Ok, les sociétés d’autoroutes bénéficient d’une rente indue (je le dis d’entrée pour calmer tout le monde. Il se trouve que moi je l’ai lu le rapport de l’autorité de la concurrence, et c’est quand même beaucoup moins clair que les titres de presse. Le calcul des rendements est une science des plus complexes, et, très franchement, personne ne peut apporter de réponse avant la fin des concessions, autour de 2030. Il serait judicieux de dire : rendez-vous à ce moment là pour faire les comptes. Ça supposerait qu’un responsable politique ait l’échéance 2030 en tête. On peut toujours rêver)
Donc, une fois qu’on a dit tout ça, est-ce qu’on peut s’arrêter deux secondes sur ce qui est en train de se jouer sous nos yeux. :L’état décide de suspendre brutalement la hausse des péages. 0,58% . Zéro virgule cinquante-huit pour cent. Je l’écris en toutes lettres pour que l’on sache bien de quoi l’on parle. Quelqu’un a-t-il calculé l’impact de cette décision sur notre portefeuille ? Ben non bien sûr, tout le monde s’en fout, on ne fait pas de l’économie, on fait de la politique.
Sauf que l’enjeu n’est pas là. L’enjeu il pèse 3,5 milliards. Un plan de relance négocié avec le gouvernement, et Bruxelles parce que c’est un partenariat public-privé. On lance 3,5 milliards et demi de travaux de rénovation en échange d’un allongement des concessions. Avant de pousser des cris d’orfraie, je vous incite à réfléchir au fait que sur le secteur pas un appel d’offre n’a été lancé depuis 2 ans ! Que ce secteur est aussi celui du bâtiment, que l’intérim en décembre y était en recul de 24% après deux ans de destructions d’emplois qui dépassent tous les autres secteurs.
D’ailleurs le gouvernement y avait parfaitement réfléchi, puisqu’en coulisses Ségolène Royal avait validé le protocole, et qu’encore une fois, Bruxelles, certainement pas suspect de douceur en ce domaine, avait donné son accord. Soyons clairs, on était peu ou prou sur les dispositions prévues par le processus Juncker.
Et bien tout cela vient d’exploser sur l’autel des 0,58%. Les sociétés d’autoroutes le disent : « on ne voit pas comment lancer le plan dans un tel climat d’insécurité juridique », hier elles ont reçu des dizaines de coups de fil d’investisseurs furieux, l’impression qu’on leur a caché quelque chose, quand on disait qu’un accord avait été trouvé avec le gouvernement. Non, on n’a rien caché, c’est la France, où la promesse publique a l’espérance de vie d’un papillon.
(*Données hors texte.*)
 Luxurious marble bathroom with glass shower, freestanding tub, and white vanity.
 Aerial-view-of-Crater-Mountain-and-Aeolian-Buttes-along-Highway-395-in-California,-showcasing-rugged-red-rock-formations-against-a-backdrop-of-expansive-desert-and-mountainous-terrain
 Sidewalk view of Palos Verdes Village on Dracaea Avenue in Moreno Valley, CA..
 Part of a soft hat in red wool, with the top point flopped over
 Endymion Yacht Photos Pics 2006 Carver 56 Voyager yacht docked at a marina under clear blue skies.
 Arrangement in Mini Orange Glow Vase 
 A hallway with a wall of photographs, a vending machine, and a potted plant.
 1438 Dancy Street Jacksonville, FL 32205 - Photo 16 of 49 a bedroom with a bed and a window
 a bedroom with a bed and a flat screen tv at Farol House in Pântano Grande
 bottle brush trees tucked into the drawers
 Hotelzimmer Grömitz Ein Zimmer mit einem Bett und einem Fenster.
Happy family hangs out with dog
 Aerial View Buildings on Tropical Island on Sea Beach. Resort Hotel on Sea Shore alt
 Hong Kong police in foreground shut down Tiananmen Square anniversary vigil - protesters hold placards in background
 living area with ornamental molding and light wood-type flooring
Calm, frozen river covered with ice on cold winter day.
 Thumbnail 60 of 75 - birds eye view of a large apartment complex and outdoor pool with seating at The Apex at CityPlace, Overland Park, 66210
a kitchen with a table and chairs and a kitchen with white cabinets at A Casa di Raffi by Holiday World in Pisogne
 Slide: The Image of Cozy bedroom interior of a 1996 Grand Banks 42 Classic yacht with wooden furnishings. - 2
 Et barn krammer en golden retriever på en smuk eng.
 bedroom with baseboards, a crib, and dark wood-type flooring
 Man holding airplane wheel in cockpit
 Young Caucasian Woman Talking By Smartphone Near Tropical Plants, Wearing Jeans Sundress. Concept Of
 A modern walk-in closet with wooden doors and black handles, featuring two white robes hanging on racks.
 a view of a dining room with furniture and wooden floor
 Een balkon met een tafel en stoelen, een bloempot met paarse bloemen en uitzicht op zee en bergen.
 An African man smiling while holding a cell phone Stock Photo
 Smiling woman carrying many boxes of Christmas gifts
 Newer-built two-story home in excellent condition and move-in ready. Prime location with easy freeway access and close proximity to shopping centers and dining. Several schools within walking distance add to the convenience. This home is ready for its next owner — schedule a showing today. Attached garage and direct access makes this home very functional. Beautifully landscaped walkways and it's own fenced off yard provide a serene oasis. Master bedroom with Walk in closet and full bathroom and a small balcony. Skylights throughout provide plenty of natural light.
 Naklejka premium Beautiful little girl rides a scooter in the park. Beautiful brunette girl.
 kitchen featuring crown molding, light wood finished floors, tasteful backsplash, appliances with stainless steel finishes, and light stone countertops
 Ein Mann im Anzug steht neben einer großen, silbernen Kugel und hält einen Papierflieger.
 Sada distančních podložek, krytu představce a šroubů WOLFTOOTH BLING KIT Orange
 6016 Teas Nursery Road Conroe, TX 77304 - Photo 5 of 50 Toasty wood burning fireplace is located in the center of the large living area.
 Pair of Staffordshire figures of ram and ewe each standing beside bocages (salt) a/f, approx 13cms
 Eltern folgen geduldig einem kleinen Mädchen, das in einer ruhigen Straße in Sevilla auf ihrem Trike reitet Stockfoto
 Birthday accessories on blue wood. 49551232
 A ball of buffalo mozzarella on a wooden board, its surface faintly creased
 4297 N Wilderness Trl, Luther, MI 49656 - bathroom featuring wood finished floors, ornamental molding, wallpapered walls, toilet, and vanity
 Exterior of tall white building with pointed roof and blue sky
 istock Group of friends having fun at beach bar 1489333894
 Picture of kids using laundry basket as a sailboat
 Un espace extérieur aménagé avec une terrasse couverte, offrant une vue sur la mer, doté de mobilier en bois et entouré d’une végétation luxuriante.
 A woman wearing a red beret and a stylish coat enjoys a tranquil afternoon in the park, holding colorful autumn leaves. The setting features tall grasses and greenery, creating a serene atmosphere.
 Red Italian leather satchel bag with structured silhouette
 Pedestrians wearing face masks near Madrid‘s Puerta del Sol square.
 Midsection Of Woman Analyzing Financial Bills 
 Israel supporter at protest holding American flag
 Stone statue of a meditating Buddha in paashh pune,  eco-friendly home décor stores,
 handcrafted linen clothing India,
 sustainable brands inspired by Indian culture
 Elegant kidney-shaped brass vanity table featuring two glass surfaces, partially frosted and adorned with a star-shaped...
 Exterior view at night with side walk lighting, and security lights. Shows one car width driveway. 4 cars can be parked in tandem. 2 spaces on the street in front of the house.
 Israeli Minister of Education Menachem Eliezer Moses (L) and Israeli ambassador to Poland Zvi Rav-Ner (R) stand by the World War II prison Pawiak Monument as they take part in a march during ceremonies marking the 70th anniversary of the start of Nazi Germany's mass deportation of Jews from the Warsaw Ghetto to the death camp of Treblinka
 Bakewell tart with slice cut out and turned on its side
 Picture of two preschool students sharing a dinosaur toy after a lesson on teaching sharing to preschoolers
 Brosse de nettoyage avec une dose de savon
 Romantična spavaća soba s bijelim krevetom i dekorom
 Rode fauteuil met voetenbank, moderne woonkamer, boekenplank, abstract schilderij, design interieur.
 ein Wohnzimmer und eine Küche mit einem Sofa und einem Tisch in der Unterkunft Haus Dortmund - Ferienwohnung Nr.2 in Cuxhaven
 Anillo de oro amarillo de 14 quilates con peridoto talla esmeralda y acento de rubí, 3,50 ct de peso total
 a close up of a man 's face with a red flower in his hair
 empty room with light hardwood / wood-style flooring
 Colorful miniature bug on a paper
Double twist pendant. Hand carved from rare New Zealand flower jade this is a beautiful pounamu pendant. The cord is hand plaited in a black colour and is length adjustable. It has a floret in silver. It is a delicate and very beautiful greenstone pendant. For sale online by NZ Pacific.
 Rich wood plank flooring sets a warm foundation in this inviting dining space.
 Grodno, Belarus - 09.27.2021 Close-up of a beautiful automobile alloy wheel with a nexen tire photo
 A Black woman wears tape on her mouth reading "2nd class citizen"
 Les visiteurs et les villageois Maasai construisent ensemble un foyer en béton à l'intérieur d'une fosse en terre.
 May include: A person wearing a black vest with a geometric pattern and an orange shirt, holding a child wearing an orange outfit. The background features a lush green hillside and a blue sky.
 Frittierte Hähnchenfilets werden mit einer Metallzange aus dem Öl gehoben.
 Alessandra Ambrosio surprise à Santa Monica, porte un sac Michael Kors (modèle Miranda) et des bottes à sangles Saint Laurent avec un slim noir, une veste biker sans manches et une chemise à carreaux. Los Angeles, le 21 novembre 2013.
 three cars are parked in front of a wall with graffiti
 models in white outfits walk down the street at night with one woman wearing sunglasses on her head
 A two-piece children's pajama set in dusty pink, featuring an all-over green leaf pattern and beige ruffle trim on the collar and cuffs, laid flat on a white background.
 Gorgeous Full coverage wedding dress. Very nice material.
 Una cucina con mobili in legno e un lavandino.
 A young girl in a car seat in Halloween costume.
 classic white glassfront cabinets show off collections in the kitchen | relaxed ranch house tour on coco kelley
Mais c’est la chute de l’histoire qui fait frémir. Parce que les sociétés d’autoroute ont tenté de comprendre. La décision est à ce point absurde qu’elles n’ont trouvé qu’une explication : un deal politique. On offre à la gauche du PS une victoire à deux balles contre les « gredins du BTP » et en échange on laisse Macron tranquille. Le pire c’est que c’est crédible, non ?
Allez maintenant l’expliquer aux petits patrons du BTP en ruine.